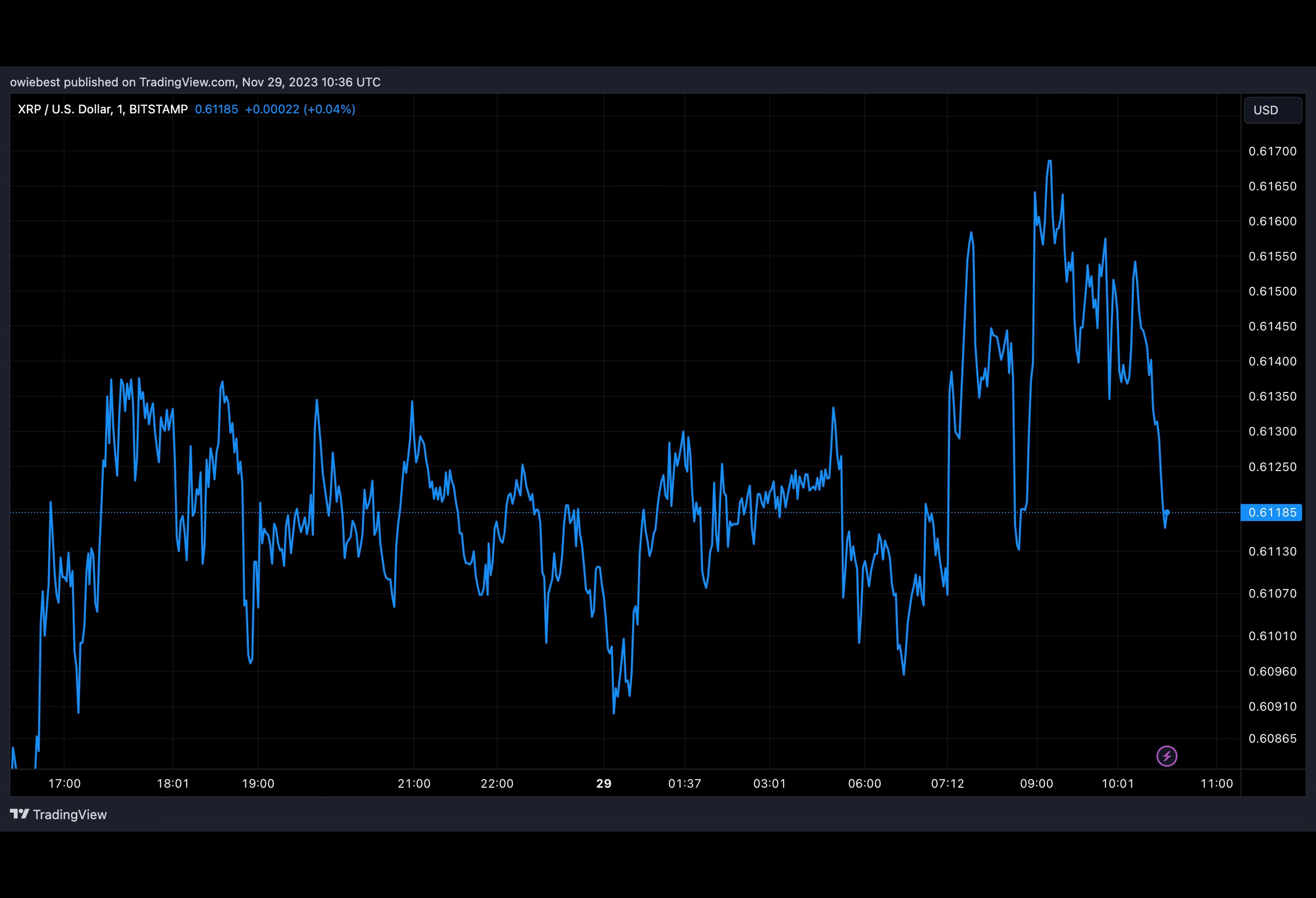Crypto analyst CryptoInsight UK recently shared his thoughts on that happening. Without directly stating if a repeat could happen, he outlined several factors that put XRP in a better position than before.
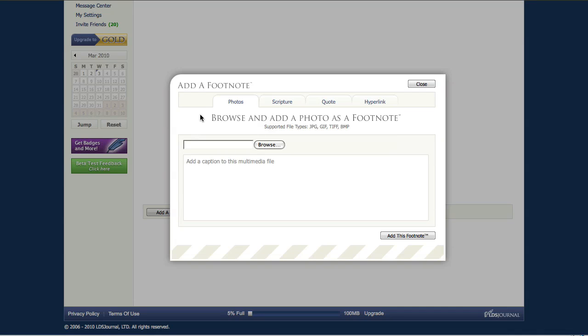You'll notice that you can add photos, scripture references, quoted text, or hyperlinks, but for this example we're just going to add a photo so I'm going to click the browse button.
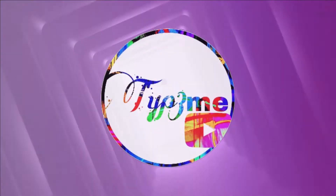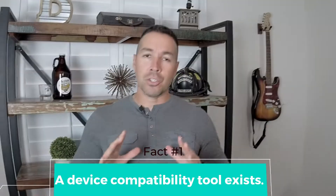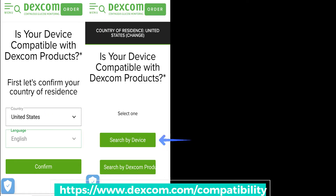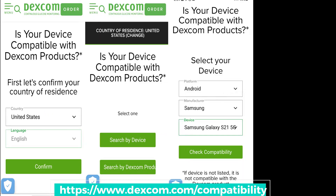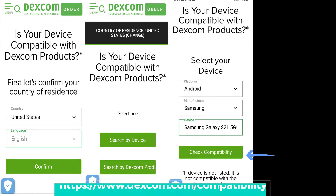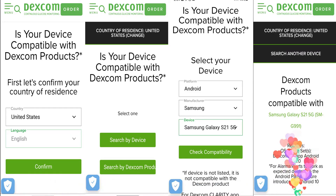Round one. Before you buy, you should make sure to check your device compatibility. In order to do so, go to this link. Select country and then language and then click confirm. Click search by devices, select your platform, whether it be iOS or Android. Look for the manufacturer, select the device, and then click check for compatibility and you're all set.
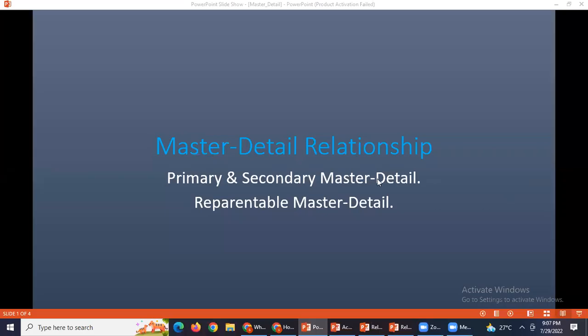Everyone knows master-detail relationships, correct? How many master relationships can we create for one object? Two. Two master details we can create, and one is primary and one is secondary. Now we'll see how to find out primary and secondary master detail on the object.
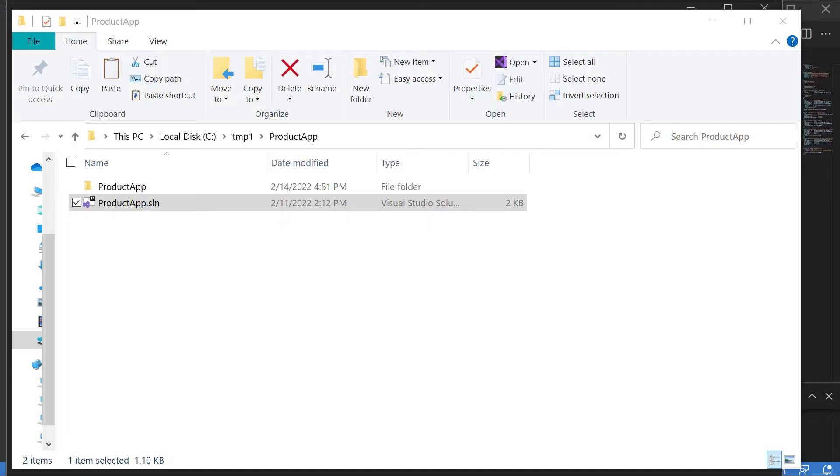Hi and welcome back. In this video I want to show you how you can actually deploy a web application that can connect onto the Azure SQL database.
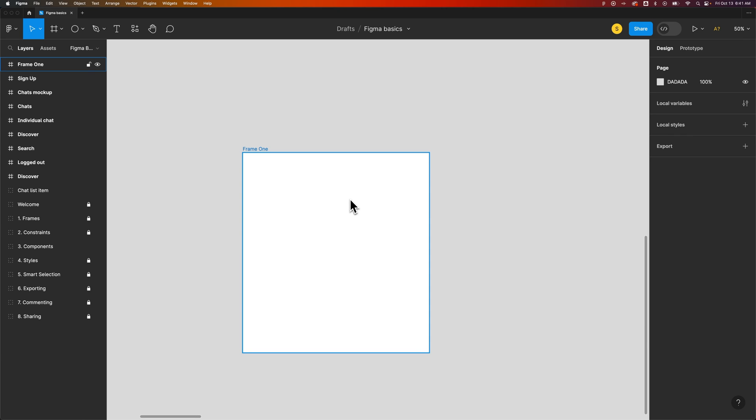In this Figma tutorial I'm going to show you how to clip contents to your frame or also unclip contents and allow it to go outside of the frame while still existing on top of the frame.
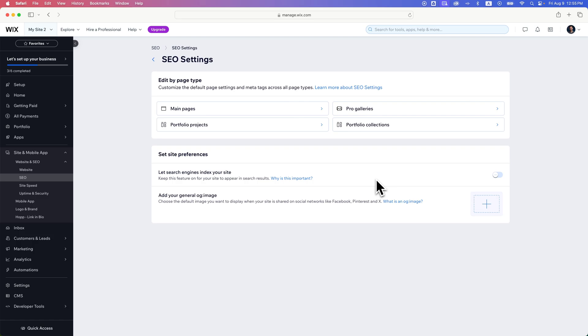That can take some time, and there's really no good way to speed that up, unfortunately. So that's how you can hide it, and eventually it will not appear in search results anymore. But by default, that should already be hidden on any new Wix website. And that's how you can hide your website from search engines here on Wix.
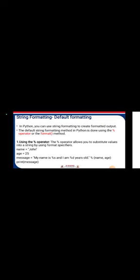%s automatically takes the given input, which is 'john', and %d takes the value 25 which is assigned in the program. So the output will be: 'My name is john and I am 25 years old'. This is the modulo operator used for default formatting in the string formatting concept. The next one is using the format method.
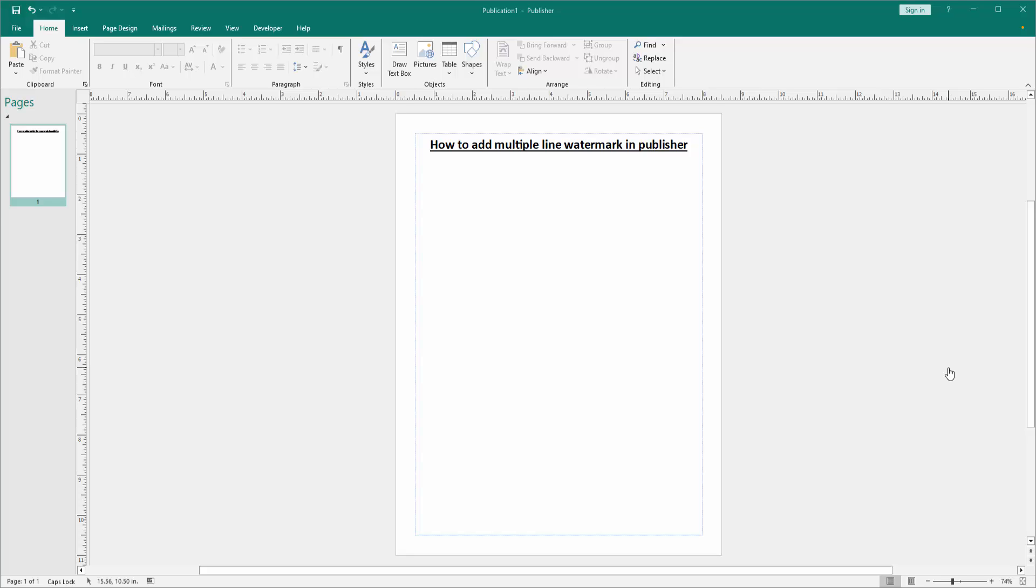Hello friends, welcome back to my channel. In this video, I am going to show you how to add multiple line watermark in Microsoft Publisher. Let's get started. First, we have to open a Publisher document.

=======

**Task item**
Restate each entry word for word, please, but drop any images it holds.

**Worked solution**
Crypto analyst CryptoInsight UK recently shared his thoughts on that happening. Without directly stating if a repeat could happen, he outlined several factors that put XRP in a better position than before.
You'll notice that you can add photos, scripture references, quoted text, or hyperlinks, but for this example we're just going to add a photo so I'm going to click the browse button.
Round one. Before you buy, you should make sure to check your device compatibility. In order to do so, go to this link. Select country and then language and then click confirm. Click search by devices, select your platform, whether it be iOS or Android. Look for the manufacturer, select the device, and then click check for compatibility and you're all set.
Everyone knows master-detail relationships, correct? How many master relationships can we create for one object? Two. Two master details we can create, and one is primary and one is secondary. Now we'll see how to find out primary and secondary master detail on the object.
Hi and welcome back. In this video I want to show you how you can actually deploy a web application that can connect onto the Azure SQL database.
In this Figma tutorial I'm going to show you how to clip contents to your frame or also unclip contents and allow it to go outside of the frame while still existing on top of the frame.
That can take some time, and there's really no good way to speed that up, unfortunately. So that's how you can hide it, and eventually it will not appear in search results anymore. But by default, that should already be hidden on any new Wix website. And that's how you can hide your website from search engines here on Wix.
%s automatically takes the given input, which is 'john', and %d takes the value 25 which is assigned in the program. So the output will be: 'My name is john and I am 25 years old'. This is the modulo operator used for default formatting in the string formatting concept. The next one is using the format method.
Hello friends, welcome back to my channel. In this video, I am going to show you how to add multiple line watermark in Microsoft Publisher. Let's get started. First, we have to open a Publisher document.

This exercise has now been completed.